This is the very basic guarantee that the persistent change tracking snapshots
need to provide. If a crash happens after modification is done and before
modification is recorded, we won't detect the modification after reboot.

Maybe "checkpoint" was a bad name to use for this handover between
two subsequent change tracking snapshots.

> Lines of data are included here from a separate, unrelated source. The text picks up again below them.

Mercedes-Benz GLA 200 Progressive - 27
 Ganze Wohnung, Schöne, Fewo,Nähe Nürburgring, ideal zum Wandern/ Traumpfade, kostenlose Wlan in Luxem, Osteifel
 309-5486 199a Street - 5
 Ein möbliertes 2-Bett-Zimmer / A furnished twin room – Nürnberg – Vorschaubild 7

> > > > I am going to try to implement the PRE/POST_WRITE events and for
> > > > POC I may start with a single group because it may be easier or I may
> > > > implement both schemes, we'll see.
> > >
> > > That would be great. Thank you. Perhaps I'm missing something in my mental
> > > model which would make things impractical :)
> > >
> >
> > Me too. I won't know before I try.
> >
> > FYI, at the moment I am considering not allowing independent
> > subscription for PRE/POST_XXX events, but only subscribe to
> > XXX events and a group with class FAN_CLASS_VFS_FILTER
> > will get both PRE/POST_XXX and won't be able to subscribe
> > to XXX events that do not have PRE_XXX events.
> >
> > The rationale is that if a group subscribes to either PRE/POST_XXX
> > XXX() operation is not going to be on the fast path anyway.
> >
> > This will make it easier to support more PRE/POST_XXX events
> > without using up all the remaining 32bits namespace.
> >
> > Using the high 32bits of mask for PRE events and folding them
> > in the object interest mask with the low 32bit is another thing
> > that I was considering in case you would prefer to allow
> > independent subscription for PRE/POST_XXX events.
>
> So one question: Do you see anything else than POST_WRITE as being useful?
> For directory operations it seems pointless as they hold i_rwsem exclusively
> so I don't see useful distinction between PRE and POST event. For OPEN and
> CLOSE I don't see use either. ACCESS might be the only one where PRE and
> POST would both be useful for something.
>

PRE_ACCESS is used to populate missing data and POST_ACCESS
is irrelevant for that.

PRE_MODIFY is used for something completely different, it is used
for the persistent change tracking and this has to be crash safe, so
exclusive i_rwsem has nothing to do with it.

PRE_MODIFY is called before i_rwsem and before sb_start_write()
so that HSM can record the change intent in the same filesystem
that the change is going to happen (this is a journaled record).

I feel I may have not explained this correctly.
Does this make sense?

Thanks,
Amir.